NARRATOR: The industrial forms and futuristic feel of Romanian-born Hedda Stern’s painting are a nod to her European Surrealist roots. Kelly Baum, Cynthia Hazen Polsky and Leon Polsky Curator of Contemporary Art.
KELLY BAUM: What we see might very well be the moon rising over Manhattan, over an elevated subway line, over a highway at night. And the bits of light that appear towards the bottom of the canvas, perhaps those are streetlamps; perhaps they represent the headlights of cars. It's an abstract painting that expresses a love for the architecture and infrastructure of the city.
NARRATOR: The Abstract Expressionist movement grew, in part, out of Surrealism—influenced by the many European Surrealists who immigrated to the U.S. before, during, and after the Second World War. In a 1981 interview, Sterne described how her own artistic practice was affected after arriving in the U.S. in 1941.

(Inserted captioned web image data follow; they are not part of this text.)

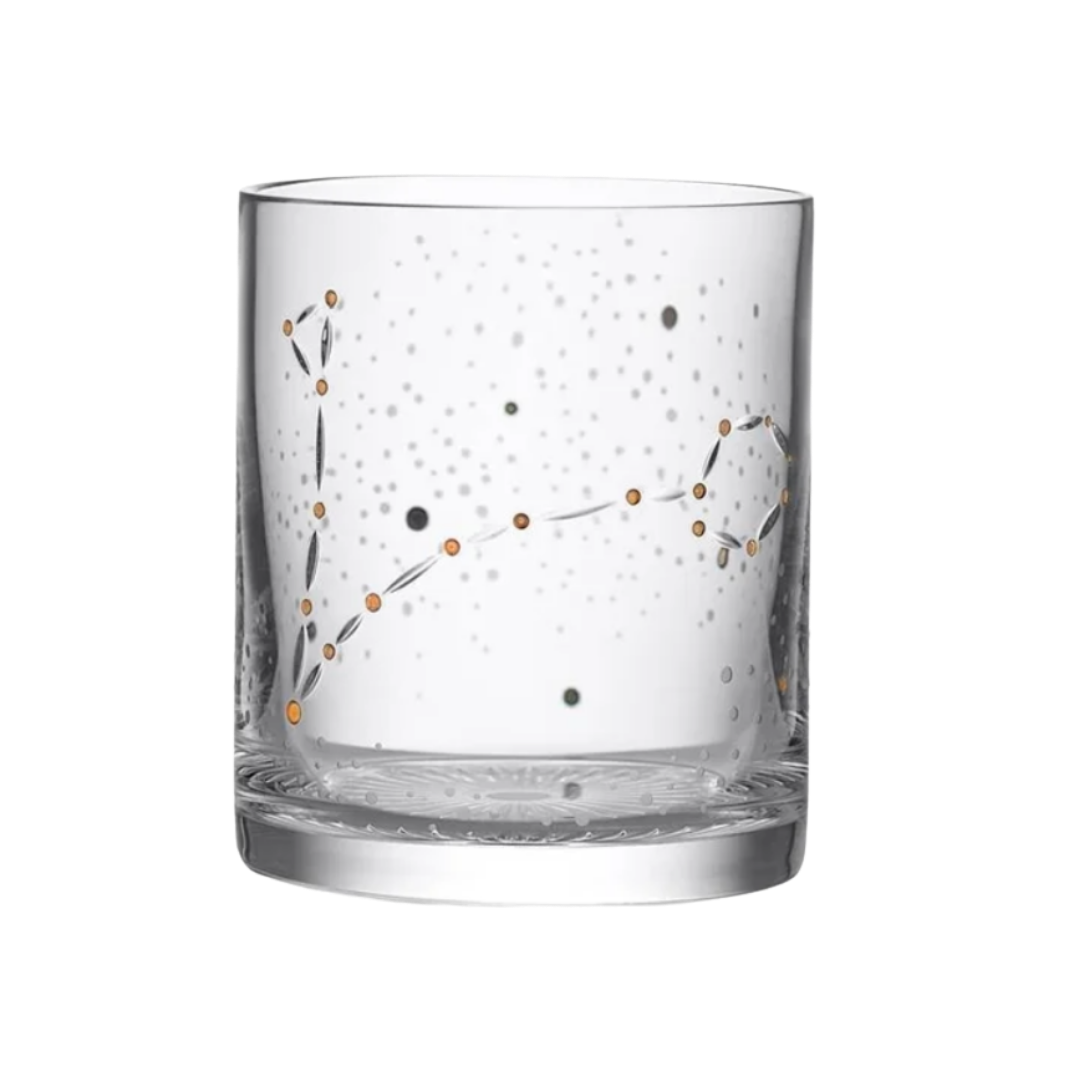 A crystal Waterford glass tumbler featuring an etched Pisces constellation with gold and silver celestial stars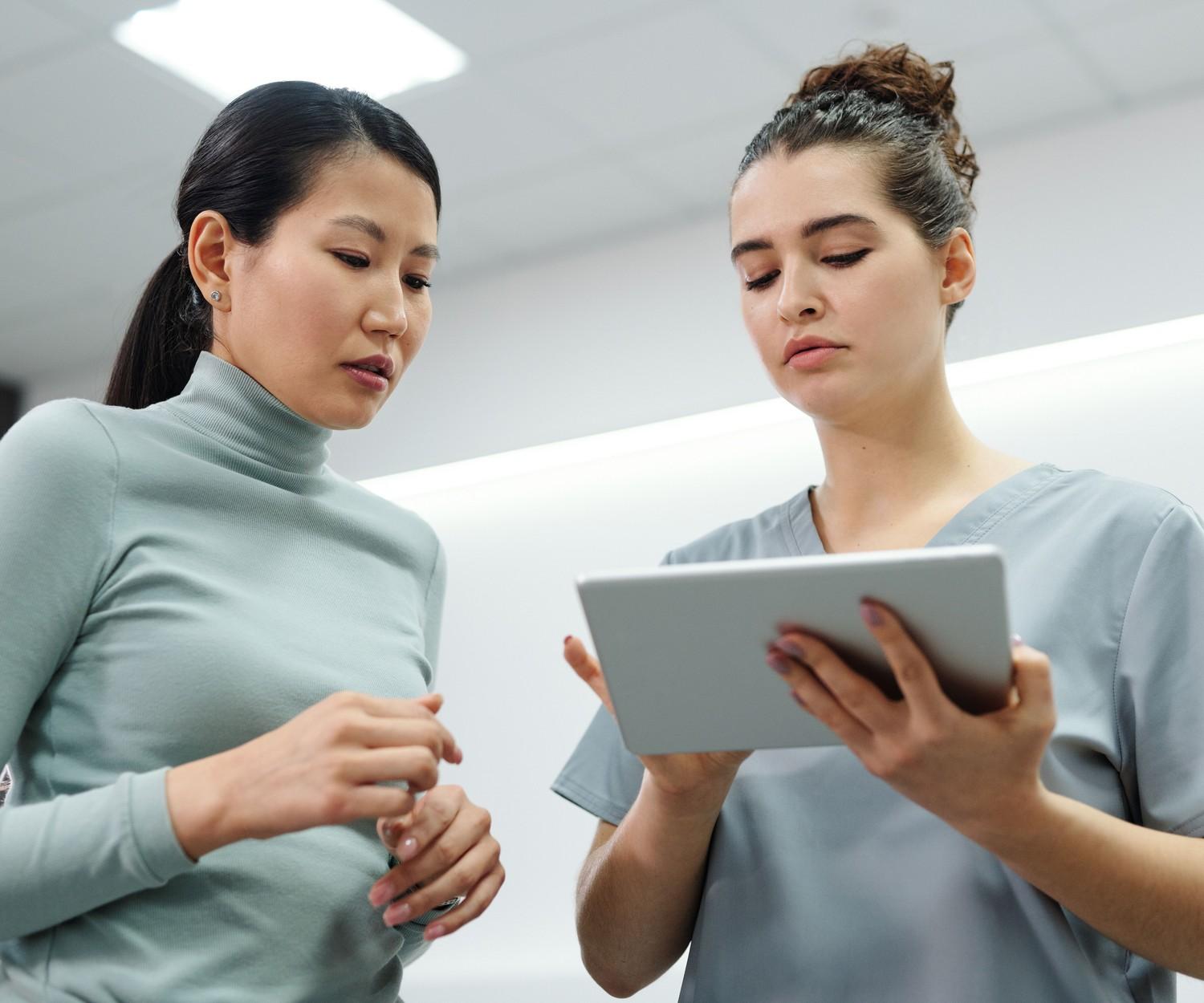A clinician and a patient reviewing information on a tablet together.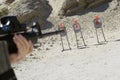 Man Aiming Machine Gun At Firing Range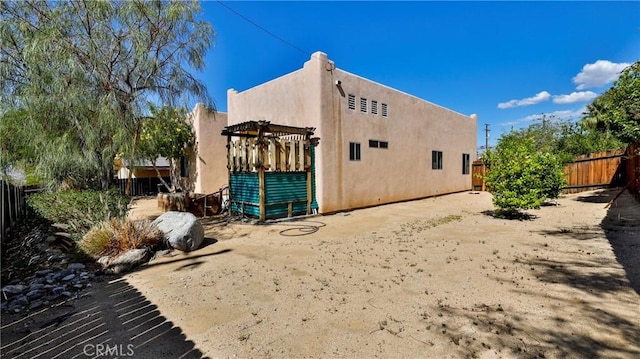 9630 El Mirador Blvd, Desert Hot Springs, CA 92240 - view of side of property with a pergola, stucco siding, and fence private yard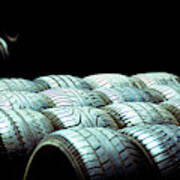 Old Tires And Racing Wheels Stacked In The Sun Poster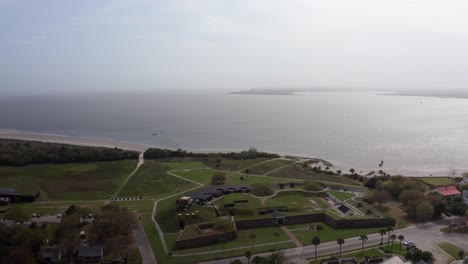 High-panning-aerial-shot-of-historic-Fort-Moultrie-along-the-Atlantic-Ocean-on-Sullivan's-Island,-South-Carolina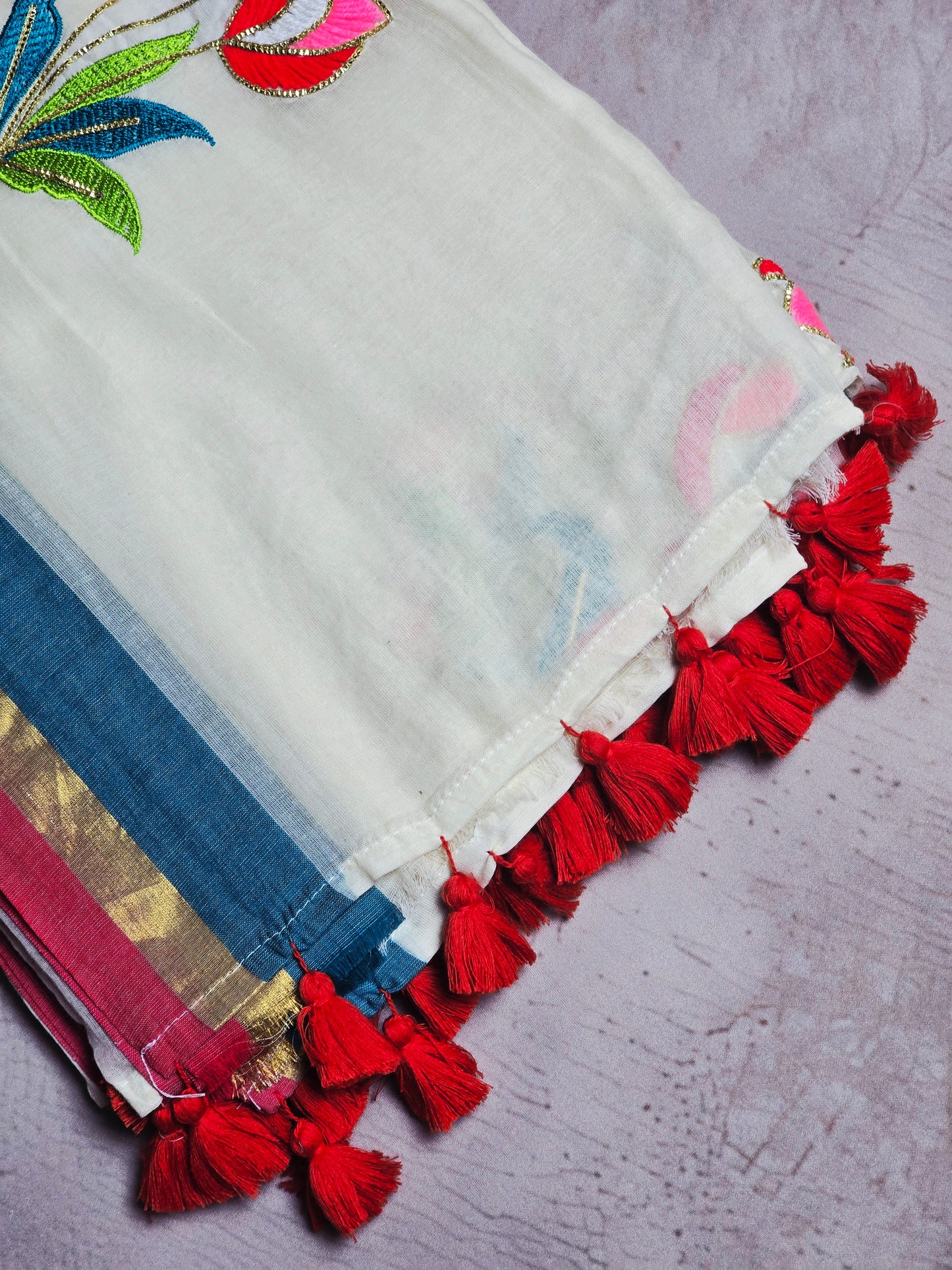 Ivory and Blue Mul Cotton Saree with Multicolour Floral Embroidery & Red Tassels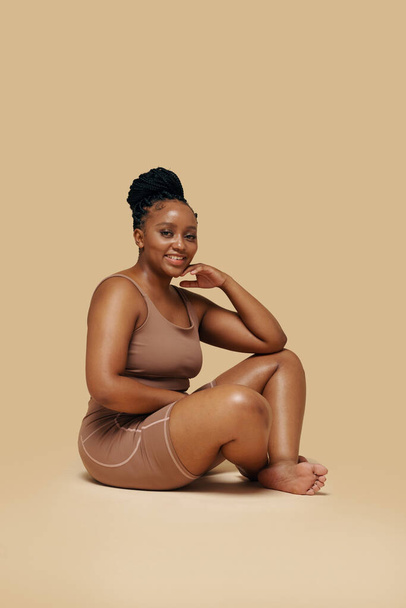 Studio portret van glimlachende ronding Zwarte vrouw in shapewear - Foto, afbeelding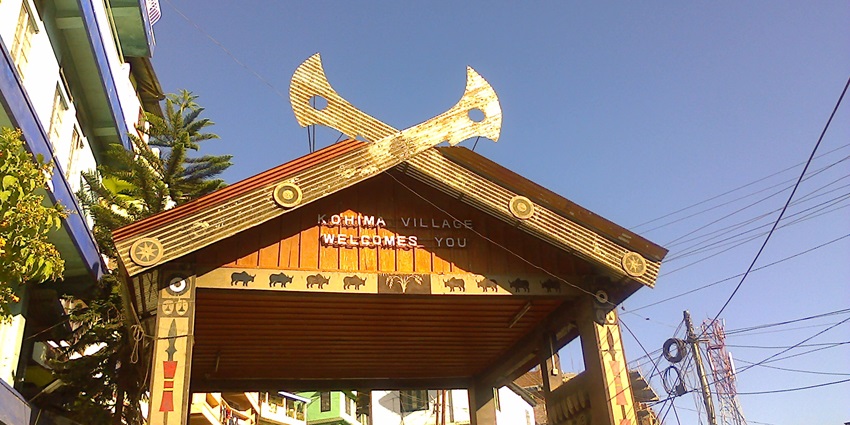 Traditional Naga architecture, vibrant cultural elements, and scenic hillside views.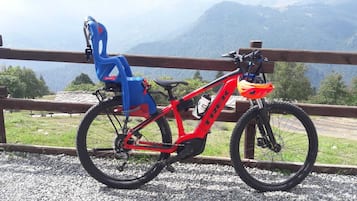Een rode mountainbike met een waterfles en een blauwe opvouwbare stoel in een bergachtig gebied.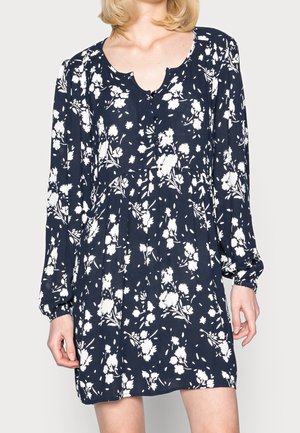 Kvinde iført navyblå langærmet kjole med hvidt blomsterprint og rund halsudskæring med hak, stående mod en lys baggrund.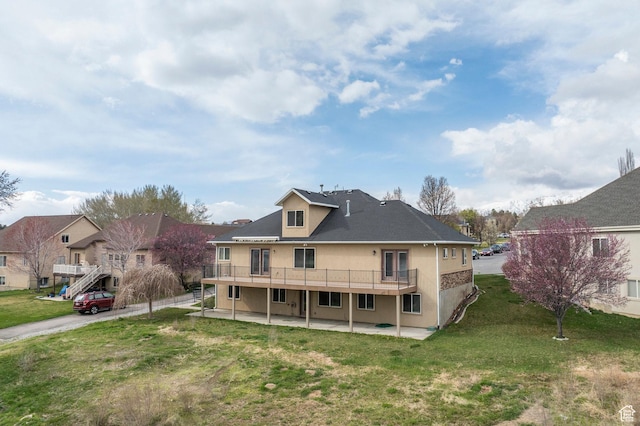 1278 E 530 N, American Fork, UT 84003 - rear view of property featuring a patio area and a lawn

HEDDA STERNE: When I came here, I became totally enthralled visually with the United States so I became like a [laughs] premature pop artist. I started painting my kitchen, the kitchen stove, the bathroom appliances, everything where I lived. Then I went out and I painted Ford cars and the elevated. And then it gradually became more, more, and more abstract. I would start from agricultural machinery but it was very abstracted. I would start from the structure of the bridges in New York and they were very, very abstracted.